Dr. O’Shea’s is particularly interested in oncolytic viruses – viruses that can only reproduce in cancer cells. Such viruses offer a novel and potentially self-perpetuating cancer therapy: Each time a virus infects a cancer cell and successfully multiplies, the virus ultimately kills the cancer cell by bursting it open to release thousands of viral progenies. The next generation seeks out remaining tumor cells and distant micro-metastases but leaves normal cells unharmed.

In clinical trials, the first prototypes of oncolytic viruses have demonstrated promising efficacy. The clinical experience and new insights into the molecular mechanisms that drive tumor and viral replication can now be used to develop novel viruses with improved therapeutic properties.

“Unfortunately, current methodologies to engineer viral vectors are not only limited but prohibitively slow,” says O’Shea. “The support from the Arnold and Mabel Beckman Foundation will allow me to develop improved technologies that speed up the process and overcome current limitations.”

She predicts that having new tools to create the next generation of viral gene delivery vehicles will open up radically different ways of studying viruses and exploiting their ability to deliver and express multi-component systems in almost any mammalian cell.

About Clodagh O’Shea

Born and raised in Cork, Ireland, O’Shea earned her bachelor’s degree in Biochemistry and Microbiology from the University College Cork, and her doctorate in Immunology from the Imperial Cancer Research Fund (ICRF)/Imperial College London, England. After completing a postdoctoral research fellowship at the University of California in San Francisco, she was recruited to the Salk Institute in La Jolla in 2007.

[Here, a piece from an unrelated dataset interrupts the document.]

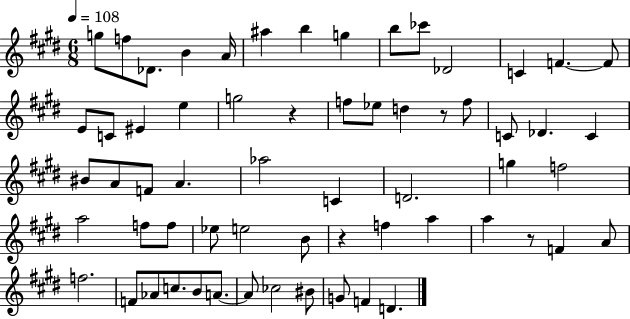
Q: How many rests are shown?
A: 4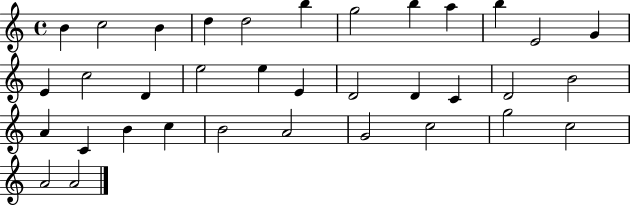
B4/q C5/h B4/q D5/q D5/h B5/q G5/h B5/q A5/q B5/q E4/h G4/q E4/q C5/h D4/q E5/h E5/q E4/q D4/h D4/q C4/q D4/h B4/h A4/q C4/q B4/q C5/q B4/h A4/h G4/h C5/h G5/h C5/h A4/h A4/h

About the Arnold and Mabel Beckman Foundation

Considered one of the top five inventors of scientific instruments, Dr. Beckman created devices that revolutionized the study and understanding of human biology. He was deeply grateful to the scientific community that nurtured his success and, through the Arnold and Mabel Beckman Foundation, directed his philanthropic efforts to the life sciences. The Arnold and Mabel Beckman Foundation makes grants to non-profit research institutions to promote research in chemistry and the life sciences, broadly interpreted, and particularly to foster the invention of methods, instruments, and materials that will open up new avenues of research in science.

About the Salk Institute

The Salk Institute for Biological Studies in La Jolla, California, is an independent nonprofit organization dedicated to fundamental discoveries in the life sciences, the improvement of human health and the training of future generations of researchers. Jonas Salk, M.D., whose polio vaccine all but eradicated the crippling disease poliomyelitis in 1955, opened the Institute in 1965 with a gift of land from the City of San Diego and the financial support of the March of Dimes.